EN GURUR DUYDUĞUM İŞ: OMM
Müze son beş yılda 800 binden fazla kişiyi ağırlamış. Erol Bey: “Bugüne kadar yaptığım işlerin hepsi bütçe olarak müzenin 10 bin kat fazlasıdır ama hayatımda en çok övgü aldığım iş OMM oldu. Müzeye Eskişehir’de bir ‘love brand (aşk markası) olarak bakılıyor, sevgiyle kucaklanıyor. Müzeler, toplumun dinamiklerinin yumuşaması için bir alan yaratıyor. İnsanoğlunun içine hitap eden bir estetik arzusu var. Güzel bir şeyi görmek, düşündüren şeye bakmak insana haz veriyor.” İyi sanat nedir? Yanıtı: “Çok sübjektif. İlk başladığım yıllarda 300 eserim vardı. Bugün sayısı üç bin ama kendimi uzman saymam. Yalnızca beğendiğim şeyleri aldım. Sanatın çoğu zaman boş felsefesi yapılıyor. Depo dolabını sanat yapan küratörler var (gülüyor)!”

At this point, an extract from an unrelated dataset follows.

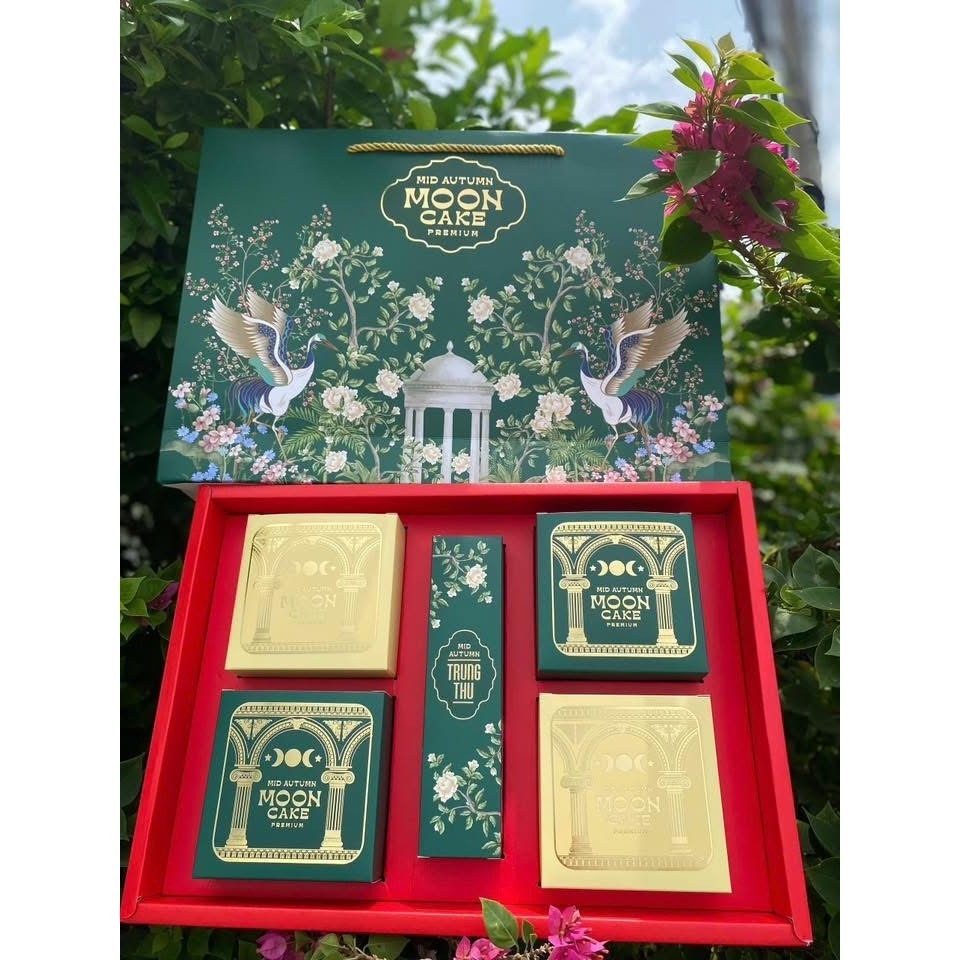 Hộp trung thu Minh Nguyệt - Hộp 4 bánh trà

OMM ‘Ehlikeyf’ sergisinden...
ESERLER OFİSE SIĞMAYINCA MÜZE AÇTIK
Osmanlı klasik mimarisinin baskın olduğu Eskişehir’in tarihi semtine bir modern müze kurmak fikri nasıl oldu? Tabanca: “Öğrenciliğimden itibaren resimler, heykeller alırdım. O bana bir medeniyet ölçüsü gibi geliyordu. Sonra Türkmenistan’da rahatlamak için sanata mesai harcamaya başladım. Galeri ve müzayede gezdim. Eserler ofise sığmaz olunca eşim Rana Erkan Tabanca ile bir müze açma fikri ortaya çıktı. İki kriterim vardı; kendi memleketimde, dedemin mahallesinde olmalıydı ve uluslararası ölçekte ses getirmeliydi. Ünlü Japon mimar Kengo Kuma, Osmanlı mimarisindeki temel planlarla bir müze tasarladı.”